Source material »
┌──

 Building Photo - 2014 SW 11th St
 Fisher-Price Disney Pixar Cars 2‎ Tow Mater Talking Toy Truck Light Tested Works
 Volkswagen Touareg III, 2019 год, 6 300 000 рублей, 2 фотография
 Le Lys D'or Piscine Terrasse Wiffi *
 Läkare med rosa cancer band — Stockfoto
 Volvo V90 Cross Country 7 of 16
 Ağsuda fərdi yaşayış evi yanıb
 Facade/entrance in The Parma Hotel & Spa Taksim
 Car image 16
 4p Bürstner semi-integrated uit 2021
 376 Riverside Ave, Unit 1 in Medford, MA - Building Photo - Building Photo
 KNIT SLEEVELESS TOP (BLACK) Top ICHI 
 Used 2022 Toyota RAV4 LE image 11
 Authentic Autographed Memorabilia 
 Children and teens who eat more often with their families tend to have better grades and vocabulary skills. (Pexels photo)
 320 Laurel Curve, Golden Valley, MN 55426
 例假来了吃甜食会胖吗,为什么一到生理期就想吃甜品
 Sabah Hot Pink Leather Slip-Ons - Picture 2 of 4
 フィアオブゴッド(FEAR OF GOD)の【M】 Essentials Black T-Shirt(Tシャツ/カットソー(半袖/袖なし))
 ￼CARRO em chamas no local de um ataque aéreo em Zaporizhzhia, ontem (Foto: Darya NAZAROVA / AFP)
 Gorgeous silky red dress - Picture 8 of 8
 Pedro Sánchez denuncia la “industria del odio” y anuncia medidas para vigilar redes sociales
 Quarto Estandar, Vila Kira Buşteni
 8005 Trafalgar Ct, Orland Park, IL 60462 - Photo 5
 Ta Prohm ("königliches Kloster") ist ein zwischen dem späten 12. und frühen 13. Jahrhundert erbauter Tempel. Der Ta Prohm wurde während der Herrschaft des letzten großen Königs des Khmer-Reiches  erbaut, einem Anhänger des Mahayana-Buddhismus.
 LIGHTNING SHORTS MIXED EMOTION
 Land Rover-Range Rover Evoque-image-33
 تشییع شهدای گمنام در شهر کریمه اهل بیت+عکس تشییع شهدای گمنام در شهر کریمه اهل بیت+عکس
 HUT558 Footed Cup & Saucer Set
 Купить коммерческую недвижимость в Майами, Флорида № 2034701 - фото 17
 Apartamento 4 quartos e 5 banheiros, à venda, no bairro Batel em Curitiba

└──

To do »
From the line holding "Sabah Hot Pink" down to the final line of the entries above, print every line exactly. Pictures do not go in.

Response box »
 Sabah Hot Pink Leather Slip-Ons - Picture 2 of 4
 フィアオブゴッド(FEAR OF GOD)の【M】 Essentials Black T-Shirt(Tシャツ/カットソー(半袖/袖なし))
 CARRO em chamas no local de um ataque aéreo em Zaporizhzhia, ontem (Foto: Darya NAZAROVA / AFP)
 Gorgeous silky red dress - Picture 8 of 8
 Pedro Sánchez denuncia la “industria del odio” y anuncia medidas para vigilar redes sociales
 Quarto Estandar, Vila Kira Buşteni
 8005 Trafalgar Ct, Orland Park, IL 60462 - Photo 5
 Ta Prohm ("königliches Kloster") ist ein zwischen dem späten 12. und frühen 13. Jahrhundert erbauter Tempel. Der Ta Prohm wurde während der Herrschaft des letzten großen Königs des Khmer-Reiches  erbaut, einem Anhänger des Mahayana-Buddhismus.
 LIGHTNING SHORTS MIXED EMOTION
 Land Rover-Range Rover Evoque-image-33
 تشییع شهدای گمنام در شهر کریمه اهل بیت+عکس تشییع شهدای گمنام در شهر کریمه اهل بیت+عکس
 HUT558 Footed Cup & Saucer Set
 Купить коммерческую недвижимость в Майами, Флорида № 2034701 - фото 17
 Apartamento 4 quartos e 5 banheiros, à venda, no bairro Batel em Curitiba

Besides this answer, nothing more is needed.